Problem statement -
The task requires repeating, word for word, the lines from the one with "Building Photo - 1644 S Millard Ave" through the end of the material, leaving out all pictures.

Data excerpts -
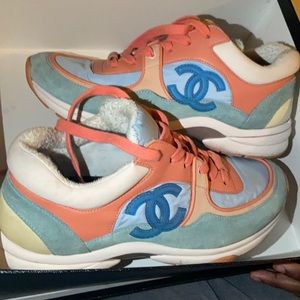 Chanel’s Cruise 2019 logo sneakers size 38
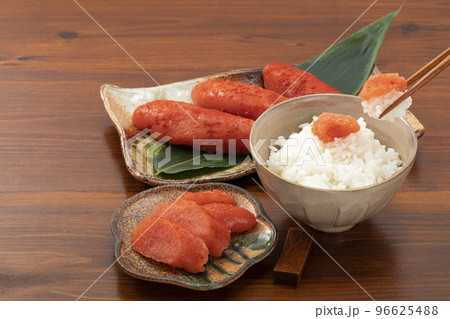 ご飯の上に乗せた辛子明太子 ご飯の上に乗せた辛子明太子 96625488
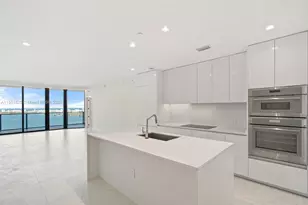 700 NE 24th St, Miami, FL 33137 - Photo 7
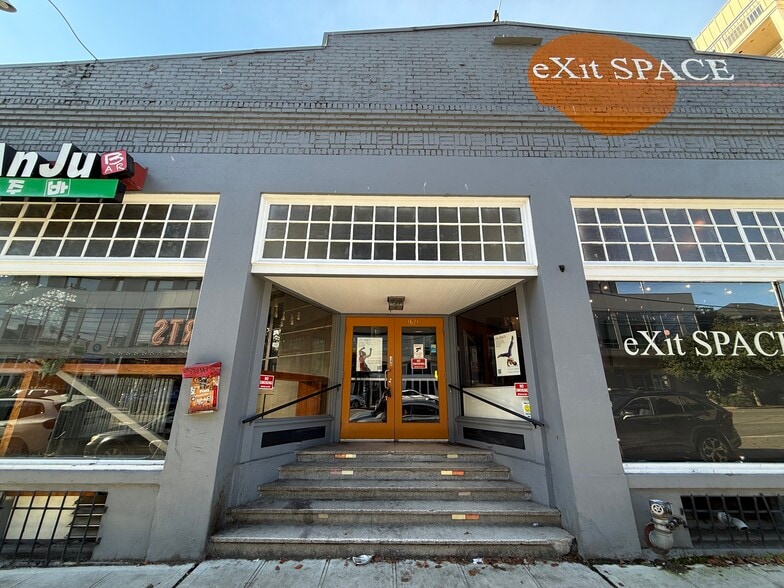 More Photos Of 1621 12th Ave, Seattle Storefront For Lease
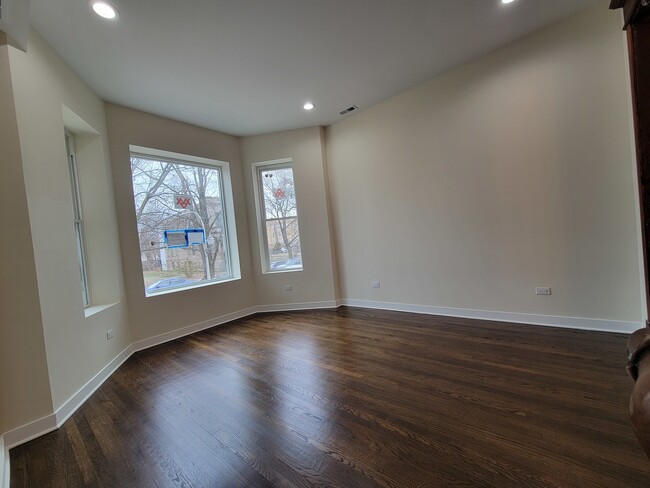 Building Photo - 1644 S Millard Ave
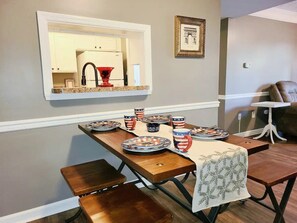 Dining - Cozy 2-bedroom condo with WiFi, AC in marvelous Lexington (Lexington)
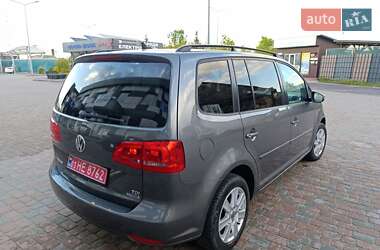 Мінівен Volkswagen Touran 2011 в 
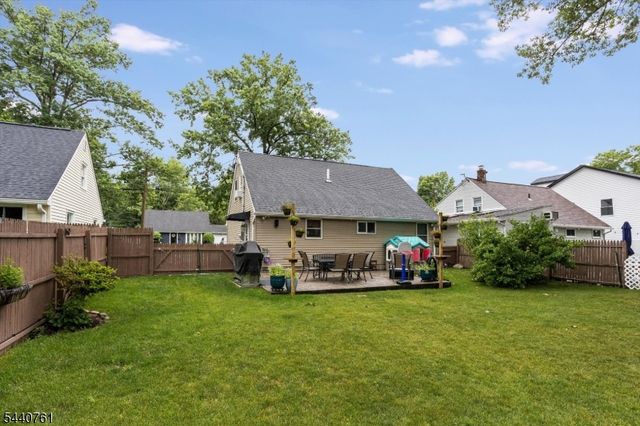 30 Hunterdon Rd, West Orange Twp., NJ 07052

Task response -
 Building Photo - 1644 S Millard Ave
 Dining - Cozy 2-bedroom condo with WiFi, AC in marvelous Lexington (Lexington)
 Мінівен Volkswagen Touran 2011 в 
 30 Hunterdon Rd, West Orange Twp., NJ 07052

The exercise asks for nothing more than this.